- Instructions for the task: The following data has a line with "Advance NX4100-6FV-OCR-N รุ่น" and a line with "C-BOW LUGGAGE RACK FOR BMW R 1300 GS (2023-)". Write out exactly those lines and all the lines between them.
Content starts
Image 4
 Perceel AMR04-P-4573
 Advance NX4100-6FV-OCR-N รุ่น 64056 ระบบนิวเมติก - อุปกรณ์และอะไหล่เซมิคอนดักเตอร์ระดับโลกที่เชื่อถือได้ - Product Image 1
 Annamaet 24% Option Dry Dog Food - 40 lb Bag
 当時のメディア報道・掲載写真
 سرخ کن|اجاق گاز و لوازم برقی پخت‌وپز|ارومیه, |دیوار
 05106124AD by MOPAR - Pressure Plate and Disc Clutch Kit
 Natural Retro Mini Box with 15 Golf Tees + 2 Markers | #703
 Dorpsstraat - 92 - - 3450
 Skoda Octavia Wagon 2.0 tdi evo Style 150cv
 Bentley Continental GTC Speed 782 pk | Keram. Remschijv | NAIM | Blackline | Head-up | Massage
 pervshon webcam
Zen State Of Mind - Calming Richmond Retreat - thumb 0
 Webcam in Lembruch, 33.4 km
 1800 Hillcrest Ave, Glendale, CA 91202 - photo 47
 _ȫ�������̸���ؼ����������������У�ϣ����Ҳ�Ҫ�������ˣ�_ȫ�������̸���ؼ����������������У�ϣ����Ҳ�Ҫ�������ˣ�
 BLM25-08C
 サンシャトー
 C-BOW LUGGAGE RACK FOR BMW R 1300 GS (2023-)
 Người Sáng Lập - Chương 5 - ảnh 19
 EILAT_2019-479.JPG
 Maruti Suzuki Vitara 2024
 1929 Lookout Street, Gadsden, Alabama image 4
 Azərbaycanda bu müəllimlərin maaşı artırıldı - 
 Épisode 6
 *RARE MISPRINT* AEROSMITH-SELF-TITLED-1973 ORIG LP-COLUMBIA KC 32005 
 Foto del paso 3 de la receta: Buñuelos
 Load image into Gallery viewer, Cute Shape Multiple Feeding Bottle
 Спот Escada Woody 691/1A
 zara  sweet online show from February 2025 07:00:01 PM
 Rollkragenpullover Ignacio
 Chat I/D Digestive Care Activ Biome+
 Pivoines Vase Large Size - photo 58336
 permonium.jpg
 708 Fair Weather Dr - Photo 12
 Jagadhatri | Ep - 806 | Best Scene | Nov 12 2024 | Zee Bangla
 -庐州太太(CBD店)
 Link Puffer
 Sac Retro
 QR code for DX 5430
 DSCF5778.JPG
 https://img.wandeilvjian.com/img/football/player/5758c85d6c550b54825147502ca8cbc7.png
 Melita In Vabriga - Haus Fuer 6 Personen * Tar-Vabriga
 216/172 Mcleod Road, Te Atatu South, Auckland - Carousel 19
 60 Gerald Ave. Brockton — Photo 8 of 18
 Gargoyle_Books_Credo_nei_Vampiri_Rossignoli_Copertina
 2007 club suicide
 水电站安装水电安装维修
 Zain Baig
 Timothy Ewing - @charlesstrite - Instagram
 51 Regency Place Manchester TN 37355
Content ends
- Completed exercise:
 Advance NX4100-6FV-OCR-N รุ่น 64056 ระบบนิวเมติก - อุปกรณ์และอะไหล่เซมิคอนดักเตอร์ระดับโลกที่เชื่อถือได้ - Product Image 1
 Annamaet 24% Option Dry Dog Food - 40 lb Bag
 当時のメディア報道・掲載写真
 سرخ کن|اجاق گاز و لوازم برقی پخت‌وپز|ارومیه, |دیوار
 05106124AD by MOPAR - Pressure Plate and Disc Clutch Kit
 Natural Retro Mini Box with 15 Golf Tees + 2 Markers | #703
 Dorpsstraat - 92 - - 3450
 Skoda Octavia Wagon 2.0 tdi evo Style 150cv
 Bentley Continental GTC Speed 782 pk | Keram. Remschijv | NAIM | Blackline | Head-up | Massage
 pervshon webcam
Zen State Of Mind - Calming Richmond Retreat - thumb 0
 Webcam in Lembruch, 33.4 km
 1800 Hillcrest Ave, Glendale, CA 91202 - photo 47
 _ȫ�������̸���ؼ����������������У�ϣ����Ҳ�Ҫ�������ˣ�_ȫ�������̸���ؼ����������������У�ϣ����Ҳ�Ҫ�������ˣ�
 BLM25-08C
 サンシャトー
 C-BOW LUGGAGE RACK FOR BMW R 1300 GS (2023-)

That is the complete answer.